“Ben 5’li çetelerin adamı değilim”

kunteper

Member
CHP Genel Lideri Kılıçdaroğlu, bugün İzmir’de Büyükşehir Belediyesi’nin İzDönüşüm Fabrikası açılışına katıldı. Açılış merasiminde konuşan Kemal Kılıçdaroğlu şunları söylemiş oldu:

“Büyük kentlerde yaşayanlar şunu görür. Bir çekçeği vardır çöplerden kağıt, plastik atık toplar. Sigortası yoktur, iş garantisi yoktur. O gün ne kadar kazanacağı aşikâr değildir. İstikrarlı bir geliri yoktur. Aile hayatı bile tehlikededir. ötürüsıyla bu insanlara daima sahip çıkmak istemişimdir, örgütlemek istemişimdir. Bunların da haklarının olması lazım. Bunlar çalışıyorlar, alın teri döküyorlar, kazanmaları lazım. Yarın yaşlanacak bu beşerler, bunların toplumsal güvenlikleri lazım. Hastalanacak kendisi, ailesi, çocukları doktora gidecekler. Sıhhat harcamalarının fazlaca kıymetli olduğunu da biliyorum. Bir biçimiyle bunların toplumda onurlu bir birey olarak yaşamaları gerekiyor ve bunun gayretinin verilmesi gerekiyor.

“ÇÖP DİYE DIŞARI ATTIĞIMIZ PEK ÇOK ŞEY ASLINDA BİR SERVET”
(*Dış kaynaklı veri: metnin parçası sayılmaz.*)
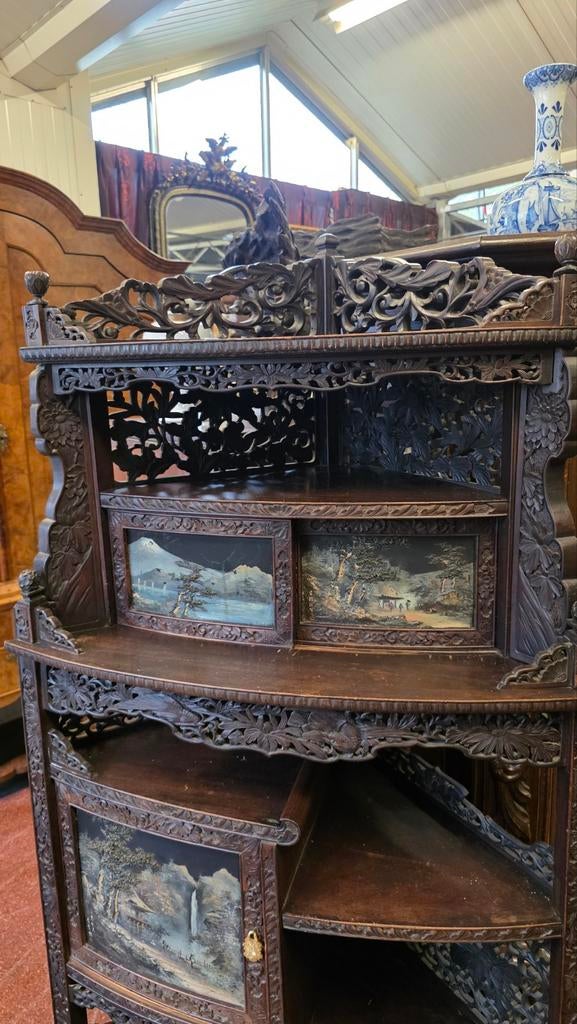 Antieke Chinese kast met handgeschilderde panelen, Antiek en Kunst, Ophalen of Verzenden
Burası eski bir tesis, lider burayı evvel satın aldı. Buraya büyük bir yatırım yaptı. Yatırım yaptıktan daha sonra evet buraya çöp, kağıt, karton, plastik getiren bir epeyce insanın bir garantisinin olması lazım. Belediye söylemiş olduğiniz o beldede yaşayan her bir yurttaşın hakkını ve hukukunu teslim eden kurum demektir. Belediyenin nazaranvi budur. Beldede yaşayan her insanın huzurlu olmasını ister. Beldede yaşayan her insanın parka giderken, denizin kenarında gezerken, meydanlarında, caddelerinde, sokaklarında gezerken pak bir kent görmek ister. Bizim çöp diye dışarı attığımız, kullanmadığımız bir hayli şeyin aslında bir servet olduğunu artık bütün dünyada biliyor, hepimiz biliyoruz. Bu serveti bir daha iktisada kazandırılırken insan ögesinin göz arkası edilmemesi lazım.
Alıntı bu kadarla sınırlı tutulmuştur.